> **EXERCISE REQUIREMENTS**: In the entries that follow, repeat exactly the lines from the one that has "Thumbnail 2 in" through the one that has "34 X 32 : THRASHED AND REPAIRED DENIM", but omit pictures.

> **DATA SHOWN**:
_ _ _ _ _

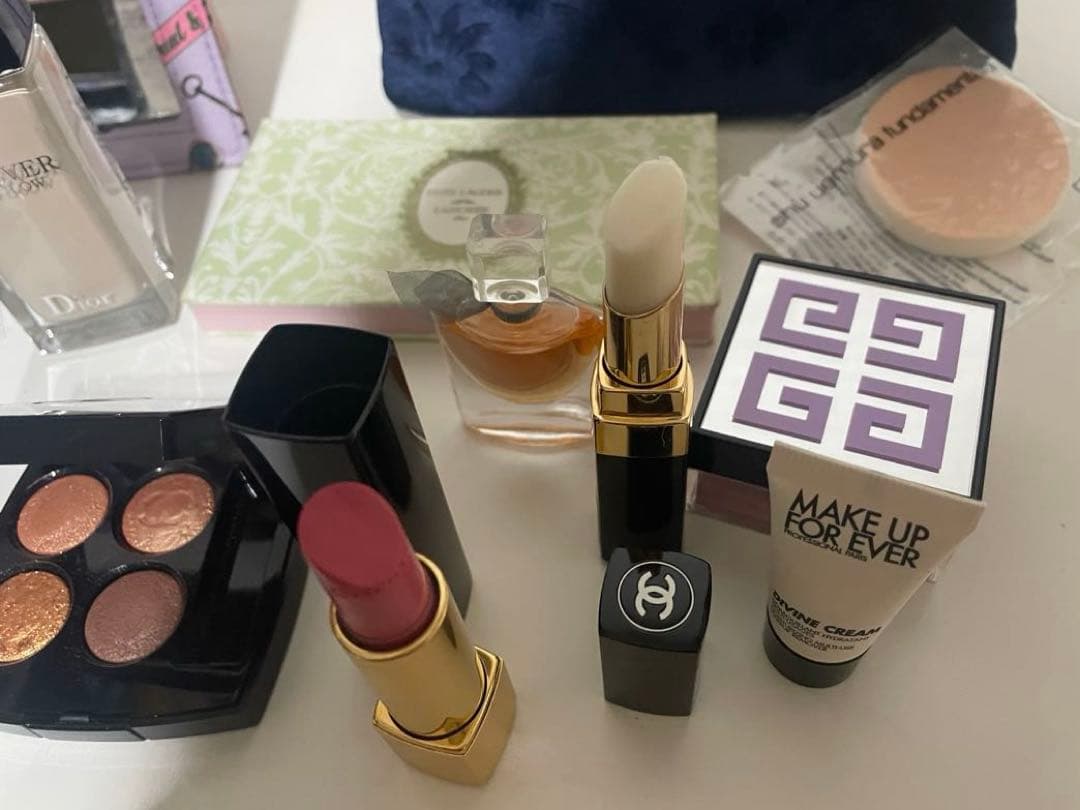 CHANEL、DIOR、GIVENCHY、ランコムデパコス等まとめ売り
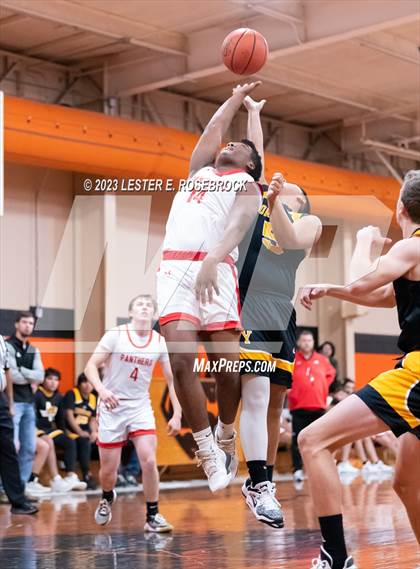 Thumbnail 2 in Burton vs. Yorktown (Schulenburg Shorthorn Tournament) photogallery.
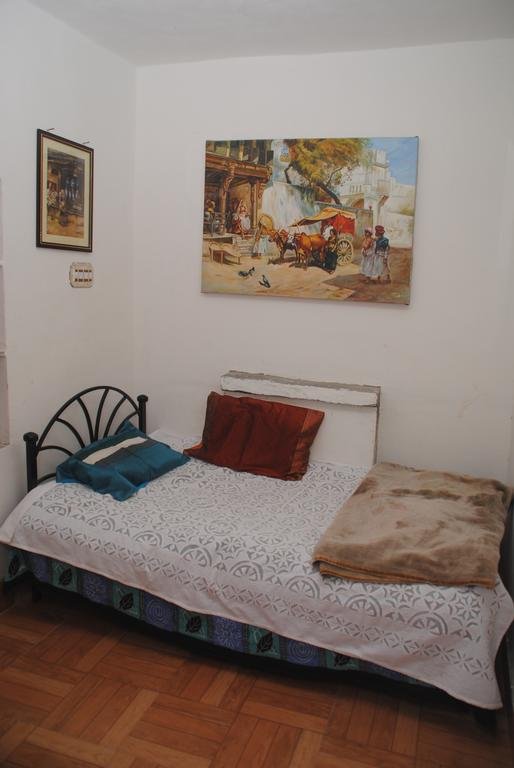 Karina Guest House 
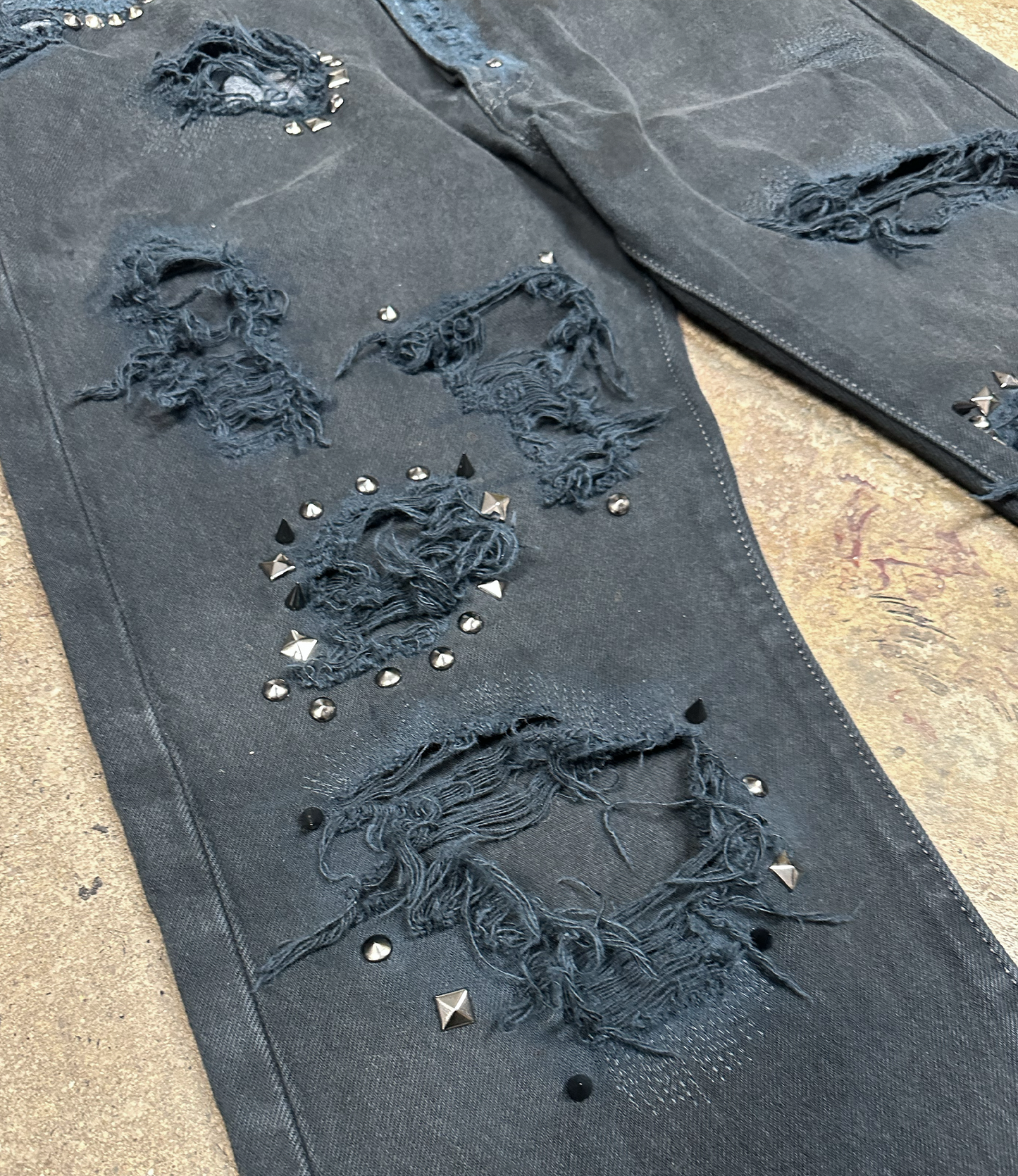 34 X 32 : THRASHED AND REPAIRED DENIM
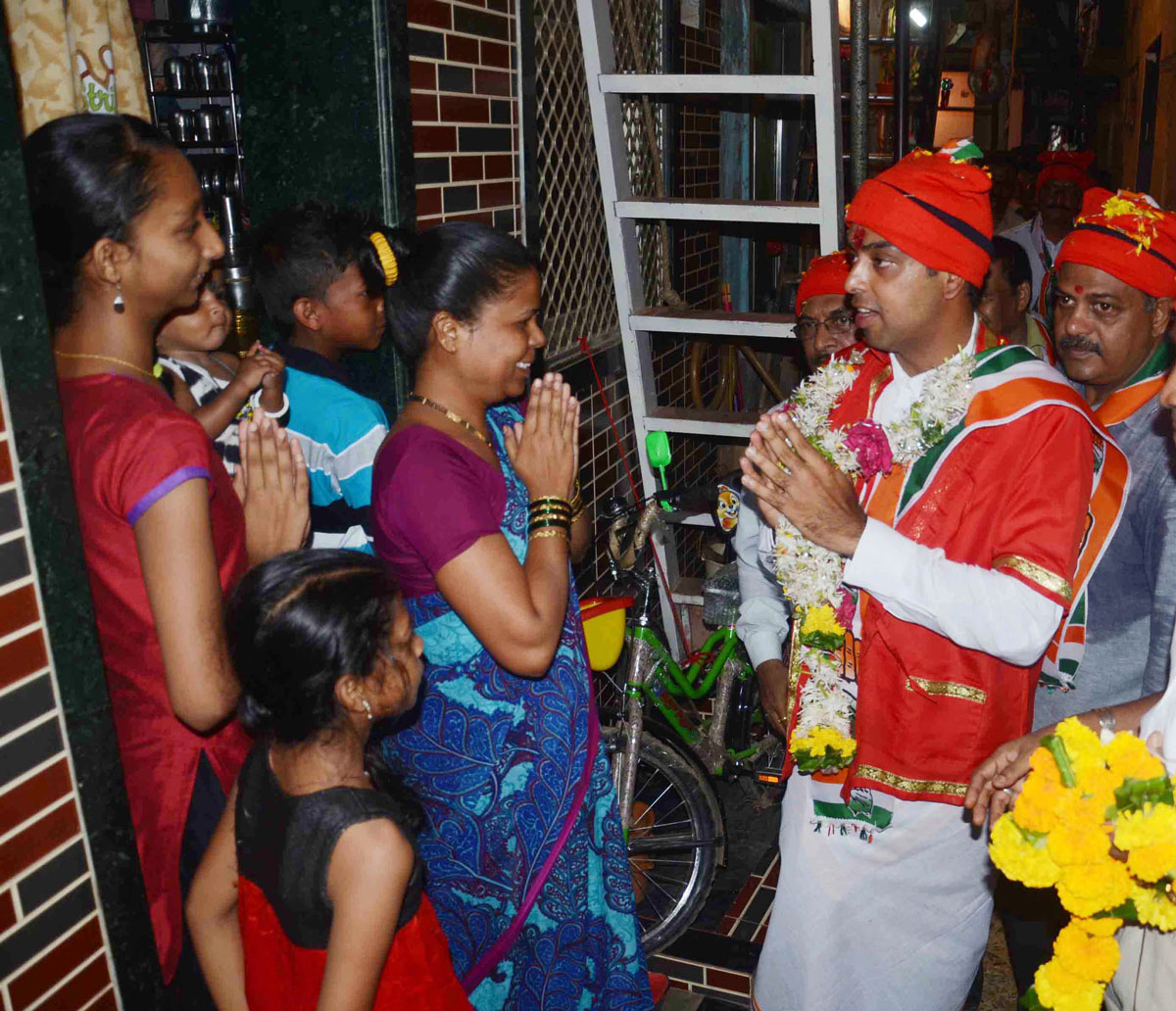 Election Campaign Public Meeting of Congress /NCP/PRP(Kawade)/ Republican Party of India (Democratic) Alliance MP.Candidate Milind Deora on the Last Public Rally at Machimar Nagar Colaba.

_ _ _ _ _

> **EXPECTED OUTPUT**:
 Thumbnail 2 in Burton vs. Yorktown (Schulenburg Shorthorn Tournament) photogallery.
 Karina Guest House 
 34 X 32 : THRASHED AND REPAIRED DENIM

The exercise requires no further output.